The older memory-kind view still says the same broad thing: fetch and data traffic both matter, and page-table walks are nontrivial but not the biggest slice.

Shell Phases

shell phases label P94 shell workload cycles 222,459,202 cpi 2.57
  1. kernel banner to /init 117,615,610 53%
  2. /init to shell banner 1,075,033 0.5%
  3. shell banner to first command 36,090,120 16.3%
  4. echo command 1,598 0%
  5. uname -a 2,572,368 1.2%
  6. ls /bin /usr/share 32,428,238 14.6%
  7. cat sample file 2,767,249 1.3%
  8. touch/write/cat/rm /tmp file 10,434,293 4.7%
  9. 8x ash loop with file I/O 17,891,364 8.1%
  10. final marker 955,264 0.4%

The benchmark reaches the same final file marker. The shell-window slowdown is visible, so the honest status stays FAIL for speedup.

Cycle Shape

state breakdown label P94 memory-arbiter workload cycles 222,459,202 cpi 2.57
  1. fetch 3.7% 8,333,015
  2. execute 39% 86,689,285
  3. mem 12.7% 28,163,821
  4. walker 2.1% 4,682,269
  5. writeback 39% 86,664,089
  6. mul/div 3.6% 7,925,007

The arbiter does not add a new architectural state.
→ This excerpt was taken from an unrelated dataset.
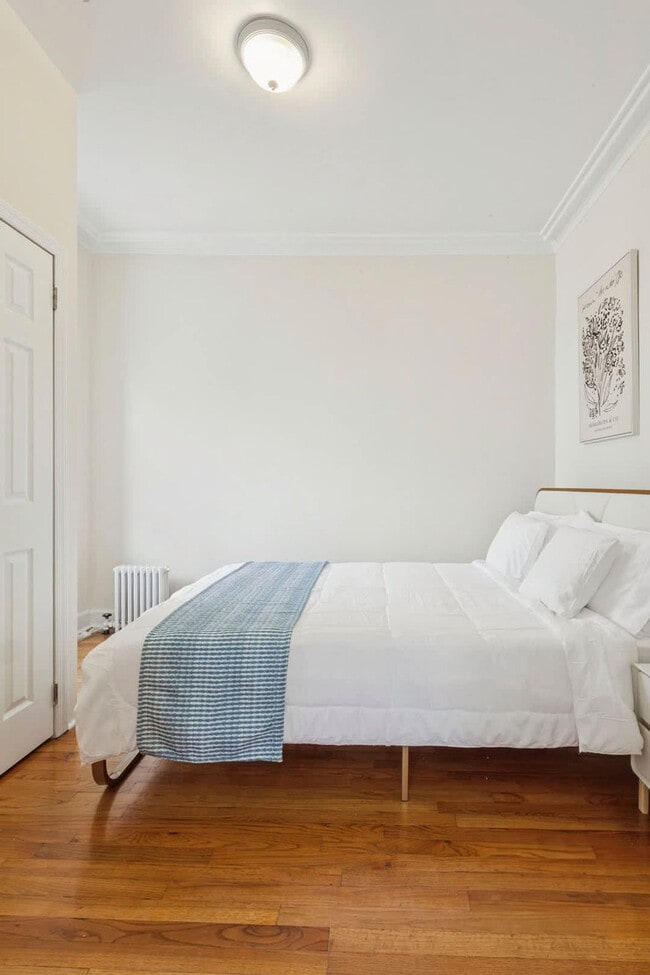 Building Photo - 1310 2nd Ave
It names the memory requests that were already passing through the shared port.

Hot Functions

hot functions label P94 BusyBox shell symbols samples 65,479 period every 1,024 cycles
  1. printf_core busybox
    5.5% 3,590
  2. memset kernel
    5.1% 3,320
  3. memcpy busybox
    3.6% 2,341
  4. vruntime_eligible kernel
    3.5% 2,257
  5. blake2s_compress_generic kernel
    2.8% 1,802
  6. memcpy kernel
    2.6% 1,698
  7. __fwritex busybox
    2.6% 1,697
  8. handle_exception kernel
    1.8% 1,175
  9. unmap_page_range kernel
    1.7% 1,122
  10. avg_vruntime kernel
    1.4% 904
  11. memset busybox
    1.3% 848
  12. n_tty_write kernel
    1.3% 830
  13. ret_from_exception kernel
    1.2% 784
  14. n_tty_read kernel
    1% 681
  15. next_uptodate_folio kernel
    1% 673
  16. (remaining) remaining
    55.6% 36,372

The hot-symbol mix remains BusyBox plus kernel memory, scheduler, and exception paths. P94’s value is that future speed rungs can line those symbols up with traffic classes.

Honest Status

checkstatus
Named memory request classes in RTLPASS
Public want/grant/class counters exported to harnessPASS
BusyBox shell workload runsPASS
Arbiter contention counters capturedPASS
Separate physical instruction/data RAM portsNOT RUN
Nonblocking data cacheNOT RUN
Shell-window speedup vs P93FAIL
LibreLane hardeningNOT RUN

Next

P95 should target data-side latency. The low-risk first step is a store buffer; the more ambitious step is a tiny D-cache. P94 gives us enough traffic attribution to tell whether either one actually reduces the foreground load/store pressure.